In the U.S. political advisors as a rule are professionals who protect their clients but also their own prestige and reputation. Their work is public to the extent that those who are in a position to maintain the services of political advisors for the most part also follow their advice. Clients are a sort of living, animated advertisement for the advisor. Consequently professionals in this branch do not necessarily share the political fortunes of their clients: they do not fall from and rise to power together with them. There are regular "leaks" to the public on how a politician ignores good advice to his own detriment; this is not considered disloyal on the part of the advisor but an understandable measure of self-protection.

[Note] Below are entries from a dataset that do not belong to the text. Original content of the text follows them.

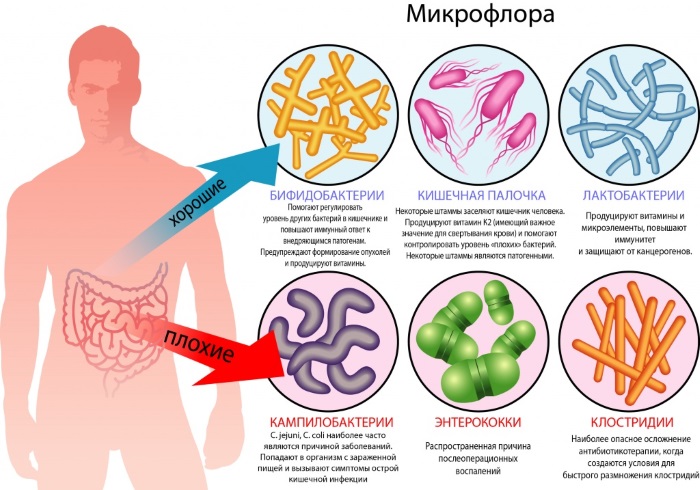 Препараты для микрофлоры кишечника для детей. Список при приеме антибиотиков, для грудничков при запорах, поносе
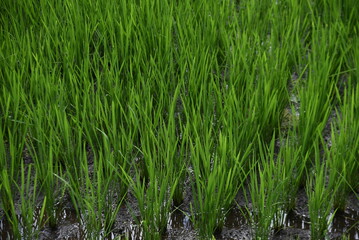 Rice cultivation. Rice growing. In Japan, rice is planted from May to June and harvested from September to October.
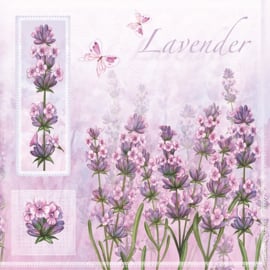 5979 Lavender Flowers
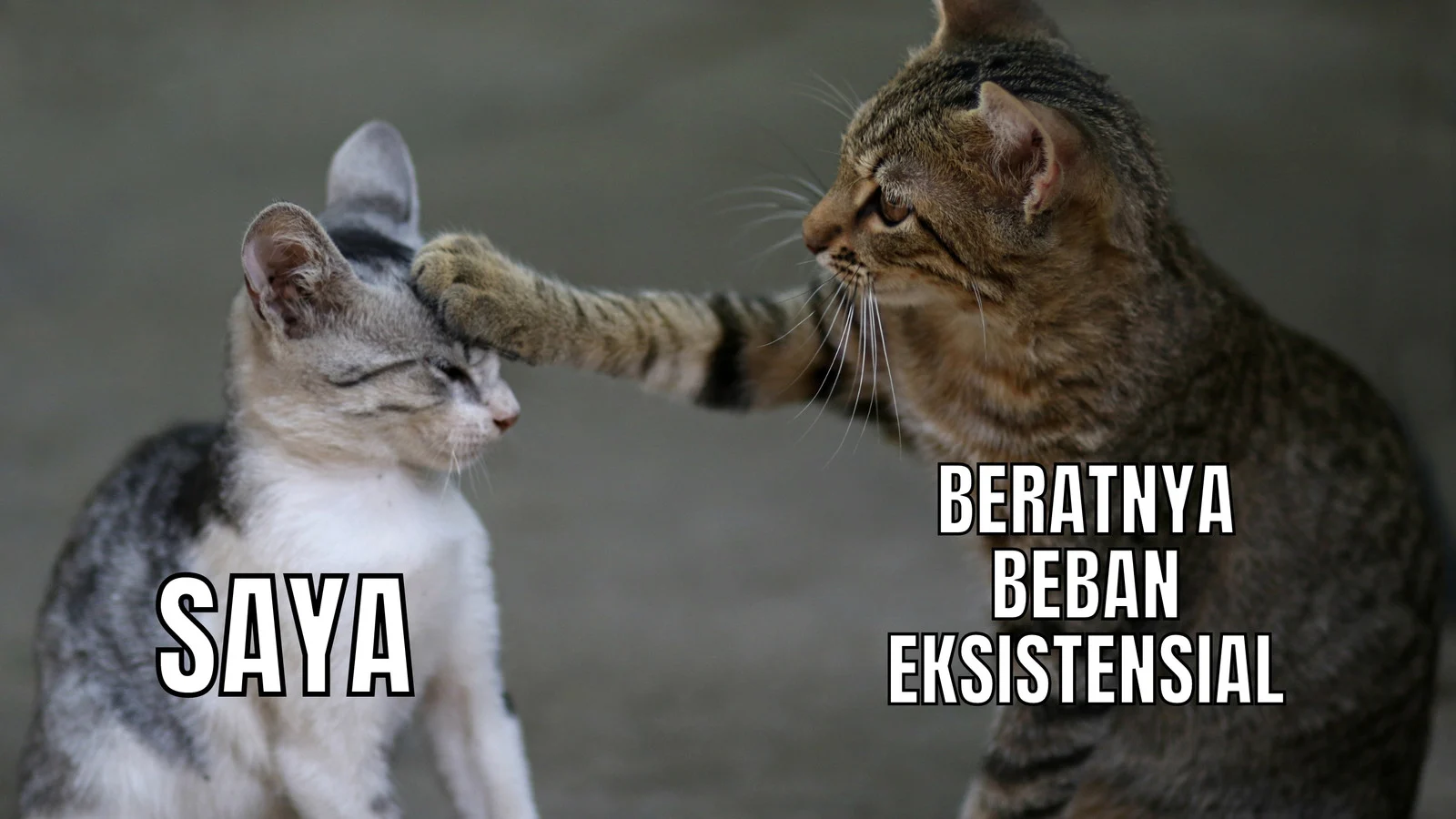 lagi-capek-intip-13-meme-kucing-yang-bikin-ngakak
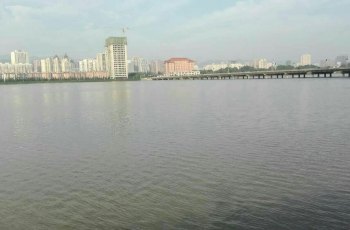 金渭湖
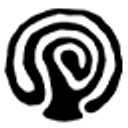 Phylo logo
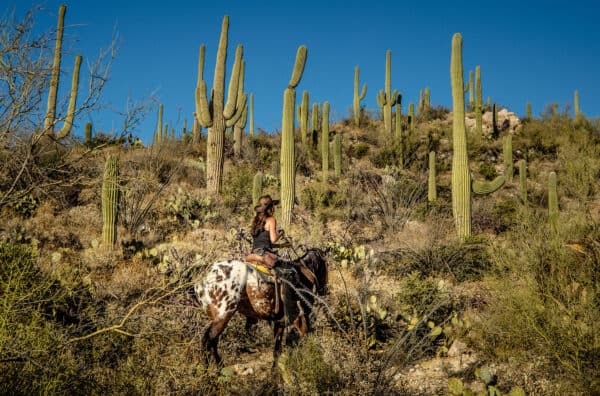 Desert Horseback Riding Tanque Verde Ranch Tucson Arizona | Tanque Verde Ranch: An All-Inclusive Vacation in Tucson, AZ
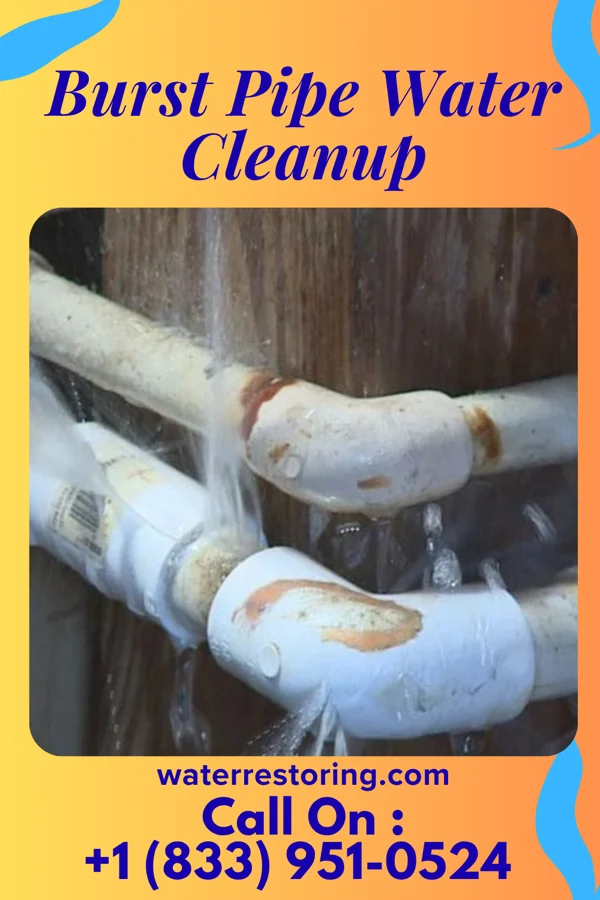 Burst Pipe Water Cleanup in Poquott, NY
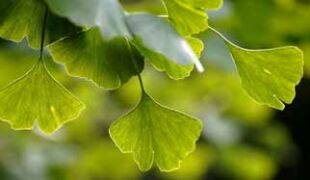 feuilles de gingko biloba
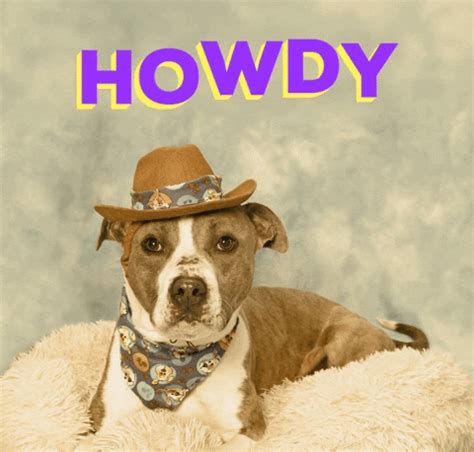 Howdie GIFs - Get the best GIF on GIPHY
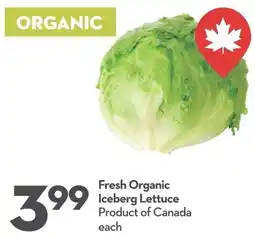Longo's Fresh Organic Iceberg Lettuce offer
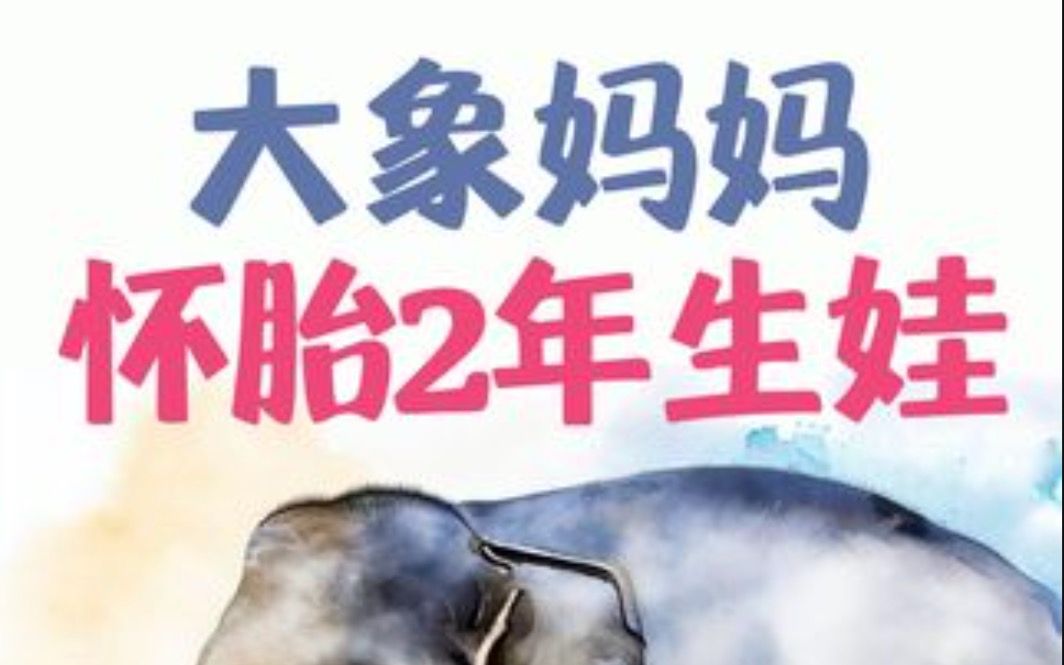 揭秘大象繁殖秘密:雄象发情期有多暴躁?母象怀胎2年花3小时生娃(上)哔哩哔哩bilibili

As early as last year Simic and Pribicevic were the top stars of Serbian political consulting (Milosevic's team from the shadows - Goran Milinovic, Bojan Bugarcic - was part of an anachronistic, bureaucratic political apparatus which functioned more like Slobodan's technical service). They shared the fate of numerous intellectuals in Serbian history who served as advisors with the ambition to help in state affairs; their ambitions as a rule remained unfulfilled. There is a Serbian legend that Nikola Pasic appeared at the Versailles conference surrounded by the most eminent Serbs of the time; however, a more careful reading of the reports of the day demonstrates that the presence of the elite from the Academy [Serbian Academy of Arts and Sciences] did not have especially great influence on the making of political decisions. (Ljubinka Trgovcevic in her work "The Academicians of Serbia and the Creation of Yugoslavia" observes that "many of the academicians in the Yugoslav delegation were not equal to their position in the decision process", that "their suggestions did not obligate the political delegation" and that the greatest political thinker of his age, Slobodan Jovanovic, with seven months' membership in the Yugoslav state delegation participated in the meeting of the political delegation only nine times.)
In post-October Serbia it is to be expected that the advisors' profession, like everything else in politics and society, will become modernized and hopefully, more professional. The change in the government has already led to the profiling of a new type of political advisor; this new model is best represented by two women, Ljiljana Nedeljkovic (45) and Maja Tasic (35) [killed in a car accident on March 11, 2001], who are carrying out the duties of chief of staff for Vojislav Kostunica and Goran Svilanovic, respectively. Their common characteristics are that they are both journalists; they matured politically in the parties of which they are presently members (the Democratic Party of Serbia (DSS) and the Civil Alliance of Serbia, respectively (GS)); they worked closely for years with the men whom they advise; belong not only to the same party but also to the same political sensibility; and share equally with them the feeling of pride and merit for everything they have achieved in politics so far.
Because of the degree of confidence prevalent in these state-political teams, Nedeljkovic was in a situation to conduct several confidential personal missions for Vojislav Kostunica that at that time had to remain secret from the public (for example, quiet journeys to Kosovo and meetings with the recently departed envoy of the international community in Kosovo, Bernard Kouchner), while the agile and communicative Maja Tasic in the first months after October 5, thanks to earlier frequent meetings with foreign diplomats, was in a position to replace by personal contacts the sluggishness of the state apparatus, which at first was slow to adjust to the changed role of Yugoslavia in the world and the exit from the isolation to which it had become accustomed. Finally, they share the joint characteristic that in the history of Yugoslavia the positions they now occupy - in otherwise very hierarchically organized and somewhat old-fashioned segments of the state apparatus - have never before been filled by women.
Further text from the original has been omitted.